Plants I Like in Aquariums and Terrariums


These are some plants that I use in aquariums and terrariums. I'm sure there are others that work well, these are just the ones that are easy enough for me to grow!


Cutting donor: pothos or devil's ivy (Epipremnum aureum). When I need cuttings for tanks, I cut off the ends from this pot. Pothos is about the most useful plant, as it grows well both in soil and in water, and even under the water.
Cutting donor: Spiderwort (Tradescantia fluminensis 'Variegata'). This plant will suffer if it gets too much light (as this one does). Like Pothos, this will grow with or without soil.
Cutting donor: ivy (Hedera helix). This plant does need soil, but it tolerates low light and grows well from cuttings. It grows relatively slowly compared to the two above.
Java moss (Vesicularia dubyana). Grows in tangled masses. Can be trained to cover cork bark and other places above water that stay wet. Tolerates a wide range of temperature (from tropical to near-freezing).
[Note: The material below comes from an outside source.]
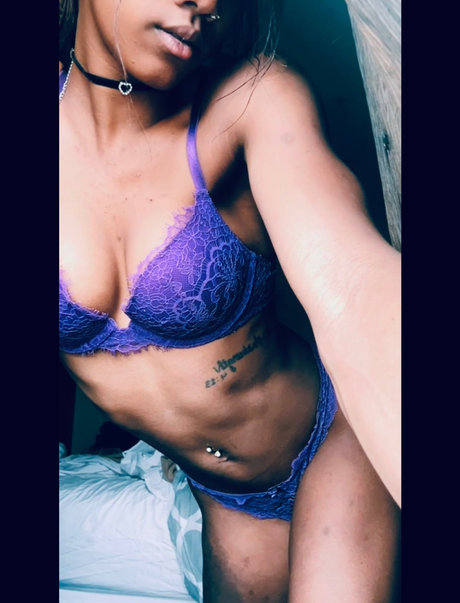 Photo nue de fuite OnlyFans de Pussypanther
Also tolerates low light and virtually any water conditions.
Anacharis, together with a mass of Java moss. The newt is Cynops ensicauda ensicauda.

Here is a good link to help clear up the confusion about Anacharis vs. Elodea vs. Egeria:
Cuttings of pothos can be stuck almost anywhere. It will grow happily right into the water. Also visible here are duckweed, hornwort, and Java moss.
These cuttings of pothos and spiderwort are growing in wet gravel.
Spiderwort will quickly spread to cover a terrarium. It will also grow into the water.
Aluminum plant (Pilea cadierei): another really hardy houseplant useful in aquariums and terrariums. This is my cutting donor, which I use to take pieces to grow in aquariums and terrariums.

Some pet shops sell this plant as an aquarium plant, but it does poorly if grown entirely under water.
Aluminum plant growing in a saucer of water and rocks. It grows well as long as the leaves are above water. It readily grows roots into the water. It gets spindly after a while and needs to be trimmed back, or replaced with fresh cuttings.